## Work request
The required output is the lines below from the line containing "Check spelling or" to the line containing "画像1: 愛媛県産　刀根柿（とねがき）　ギフト用５kg (1)", inclusive, retyped exactly. No other lines belong in it.

Short web captions
--------------------------------

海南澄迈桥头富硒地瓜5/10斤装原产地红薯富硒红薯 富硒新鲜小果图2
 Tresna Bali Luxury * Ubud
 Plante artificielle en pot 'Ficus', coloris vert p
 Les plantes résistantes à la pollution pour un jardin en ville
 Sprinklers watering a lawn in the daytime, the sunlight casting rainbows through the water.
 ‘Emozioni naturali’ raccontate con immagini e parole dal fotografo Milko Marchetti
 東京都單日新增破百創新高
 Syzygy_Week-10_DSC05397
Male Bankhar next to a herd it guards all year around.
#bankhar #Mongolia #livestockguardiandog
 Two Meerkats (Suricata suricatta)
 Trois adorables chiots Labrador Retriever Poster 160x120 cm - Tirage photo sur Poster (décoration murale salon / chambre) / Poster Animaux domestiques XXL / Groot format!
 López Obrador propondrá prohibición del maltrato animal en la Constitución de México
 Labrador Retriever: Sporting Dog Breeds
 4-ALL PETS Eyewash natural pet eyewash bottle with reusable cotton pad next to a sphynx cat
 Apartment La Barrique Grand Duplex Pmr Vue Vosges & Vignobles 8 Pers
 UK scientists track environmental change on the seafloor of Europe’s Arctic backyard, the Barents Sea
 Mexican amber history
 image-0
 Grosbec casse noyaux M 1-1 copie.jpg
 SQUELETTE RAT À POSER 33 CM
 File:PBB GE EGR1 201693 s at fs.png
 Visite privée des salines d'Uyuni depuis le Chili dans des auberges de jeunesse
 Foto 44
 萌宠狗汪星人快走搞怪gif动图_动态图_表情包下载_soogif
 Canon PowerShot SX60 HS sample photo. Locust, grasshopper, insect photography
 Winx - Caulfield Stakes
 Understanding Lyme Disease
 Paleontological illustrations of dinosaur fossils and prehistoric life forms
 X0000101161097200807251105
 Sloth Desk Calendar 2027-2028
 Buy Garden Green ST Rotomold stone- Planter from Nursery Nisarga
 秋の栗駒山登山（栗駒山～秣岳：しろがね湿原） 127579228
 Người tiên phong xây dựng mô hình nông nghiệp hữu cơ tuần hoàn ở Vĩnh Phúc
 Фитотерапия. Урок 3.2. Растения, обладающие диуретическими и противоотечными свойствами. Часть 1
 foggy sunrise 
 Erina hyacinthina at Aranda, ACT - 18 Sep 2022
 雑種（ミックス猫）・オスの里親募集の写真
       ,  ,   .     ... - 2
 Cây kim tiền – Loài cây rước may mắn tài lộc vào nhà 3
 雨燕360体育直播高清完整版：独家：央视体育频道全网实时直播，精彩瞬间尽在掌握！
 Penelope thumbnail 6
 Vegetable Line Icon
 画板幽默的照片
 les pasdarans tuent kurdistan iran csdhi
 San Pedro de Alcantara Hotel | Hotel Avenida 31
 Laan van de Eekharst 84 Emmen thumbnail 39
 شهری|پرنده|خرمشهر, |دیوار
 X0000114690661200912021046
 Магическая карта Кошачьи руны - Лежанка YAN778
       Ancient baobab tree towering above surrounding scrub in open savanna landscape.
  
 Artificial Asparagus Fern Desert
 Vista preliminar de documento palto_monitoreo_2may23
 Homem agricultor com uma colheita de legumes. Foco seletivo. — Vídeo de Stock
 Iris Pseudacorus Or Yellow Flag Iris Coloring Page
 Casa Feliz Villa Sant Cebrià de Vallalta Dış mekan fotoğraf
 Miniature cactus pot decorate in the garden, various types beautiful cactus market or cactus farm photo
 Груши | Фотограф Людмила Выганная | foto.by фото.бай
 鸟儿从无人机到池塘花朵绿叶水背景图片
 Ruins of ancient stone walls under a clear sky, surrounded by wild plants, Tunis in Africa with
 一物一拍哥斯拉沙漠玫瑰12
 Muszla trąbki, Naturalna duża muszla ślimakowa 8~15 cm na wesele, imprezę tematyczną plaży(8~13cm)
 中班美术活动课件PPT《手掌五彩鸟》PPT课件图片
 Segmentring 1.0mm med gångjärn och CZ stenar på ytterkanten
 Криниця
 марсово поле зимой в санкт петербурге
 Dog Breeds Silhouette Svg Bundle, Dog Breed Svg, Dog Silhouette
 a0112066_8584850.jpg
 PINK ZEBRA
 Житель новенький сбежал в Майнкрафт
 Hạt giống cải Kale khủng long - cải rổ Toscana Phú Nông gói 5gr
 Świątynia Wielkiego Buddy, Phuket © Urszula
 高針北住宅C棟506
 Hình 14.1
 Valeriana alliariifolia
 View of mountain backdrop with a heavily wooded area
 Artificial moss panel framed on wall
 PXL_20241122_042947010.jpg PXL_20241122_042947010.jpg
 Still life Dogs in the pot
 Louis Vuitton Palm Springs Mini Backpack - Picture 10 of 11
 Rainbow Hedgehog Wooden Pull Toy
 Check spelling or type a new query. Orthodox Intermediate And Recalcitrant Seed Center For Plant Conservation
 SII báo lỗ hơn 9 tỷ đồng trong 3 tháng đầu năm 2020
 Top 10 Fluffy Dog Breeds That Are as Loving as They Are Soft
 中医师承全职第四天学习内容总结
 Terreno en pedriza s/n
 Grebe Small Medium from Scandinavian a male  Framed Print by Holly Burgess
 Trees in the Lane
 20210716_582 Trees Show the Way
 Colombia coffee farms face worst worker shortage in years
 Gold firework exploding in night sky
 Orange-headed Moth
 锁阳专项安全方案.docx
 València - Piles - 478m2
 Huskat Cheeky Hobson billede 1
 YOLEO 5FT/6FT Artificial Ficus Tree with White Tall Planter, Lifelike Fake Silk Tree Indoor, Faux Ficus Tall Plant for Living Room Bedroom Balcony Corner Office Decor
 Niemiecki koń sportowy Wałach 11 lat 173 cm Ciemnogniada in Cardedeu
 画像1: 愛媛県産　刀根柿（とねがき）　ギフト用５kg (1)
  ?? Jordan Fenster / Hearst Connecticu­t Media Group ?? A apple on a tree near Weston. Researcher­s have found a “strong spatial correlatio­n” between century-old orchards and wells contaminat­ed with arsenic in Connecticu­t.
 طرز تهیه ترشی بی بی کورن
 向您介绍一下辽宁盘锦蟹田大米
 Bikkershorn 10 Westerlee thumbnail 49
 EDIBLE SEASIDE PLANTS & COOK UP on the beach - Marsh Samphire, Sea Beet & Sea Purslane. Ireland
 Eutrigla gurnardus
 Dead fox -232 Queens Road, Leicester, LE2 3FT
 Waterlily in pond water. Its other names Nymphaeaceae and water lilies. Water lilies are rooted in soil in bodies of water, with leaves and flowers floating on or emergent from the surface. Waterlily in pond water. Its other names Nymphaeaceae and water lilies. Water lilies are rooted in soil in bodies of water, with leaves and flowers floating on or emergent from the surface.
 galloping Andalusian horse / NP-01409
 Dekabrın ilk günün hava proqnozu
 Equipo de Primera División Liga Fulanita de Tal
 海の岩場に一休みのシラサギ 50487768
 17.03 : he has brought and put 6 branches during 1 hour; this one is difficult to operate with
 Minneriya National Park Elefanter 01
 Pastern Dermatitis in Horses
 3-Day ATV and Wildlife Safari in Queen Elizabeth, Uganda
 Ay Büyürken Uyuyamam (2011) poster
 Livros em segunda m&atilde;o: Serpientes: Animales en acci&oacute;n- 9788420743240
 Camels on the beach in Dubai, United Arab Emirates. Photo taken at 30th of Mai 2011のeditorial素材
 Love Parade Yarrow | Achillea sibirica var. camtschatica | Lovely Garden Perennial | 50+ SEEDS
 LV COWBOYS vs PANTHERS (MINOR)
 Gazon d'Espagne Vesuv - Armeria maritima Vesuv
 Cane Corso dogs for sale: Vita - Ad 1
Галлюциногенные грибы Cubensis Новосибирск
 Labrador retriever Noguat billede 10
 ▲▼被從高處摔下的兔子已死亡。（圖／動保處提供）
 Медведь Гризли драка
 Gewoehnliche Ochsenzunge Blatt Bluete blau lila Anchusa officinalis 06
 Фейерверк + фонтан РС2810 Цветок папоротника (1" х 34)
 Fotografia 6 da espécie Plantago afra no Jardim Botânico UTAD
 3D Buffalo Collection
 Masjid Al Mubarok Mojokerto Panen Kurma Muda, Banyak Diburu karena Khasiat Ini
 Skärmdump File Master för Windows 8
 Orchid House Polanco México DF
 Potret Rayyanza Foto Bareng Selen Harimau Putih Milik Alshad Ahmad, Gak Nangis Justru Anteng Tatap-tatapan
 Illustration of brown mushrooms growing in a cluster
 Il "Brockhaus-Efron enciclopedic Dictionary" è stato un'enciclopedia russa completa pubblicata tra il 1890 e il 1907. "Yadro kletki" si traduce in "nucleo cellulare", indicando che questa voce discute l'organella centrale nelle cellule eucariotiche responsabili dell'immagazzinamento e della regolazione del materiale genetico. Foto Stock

--------------------------------

## Answer section
 Check spelling or type a new query. Orthodox Intermediate And Recalcitrant Seed Center For Plant Conservation
 SII báo lỗ hơn 9 tỷ đồng trong 3 tháng đầu năm 2020
 Top 10 Fluffy Dog Breeds That Are as Loving as They Are Soft
 中医师承全职第四天学习内容总结
 Terreno en pedriza s/n
 Grebe Small Medium from Scandinavian a male  Framed Print by Holly Burgess
 Trees in the Lane
 20210716_582 Trees Show the Way
 Colombia coffee farms face worst worker shortage in years
 Gold firework exploding in night sky
 Orange-headed Moth
 锁阳专项安全方案.docx
 València - Piles - 478m2
 Huskat Cheeky Hobson billede 1
 YOLEO 5FT/6FT Artificial Ficus Tree with White Tall Planter, Lifelike Fake Silk Tree Indoor, Faux Ficus Tall Plant for Living Room Bedroom Balcony Corner Office Decor
 Niemiecki koń sportowy Wałach 11 lat 173 cm Ciemnogniada in Cardedeu
 画像1: 愛媛県産　刀根柿（とねがき）　ギフト用５kg (1)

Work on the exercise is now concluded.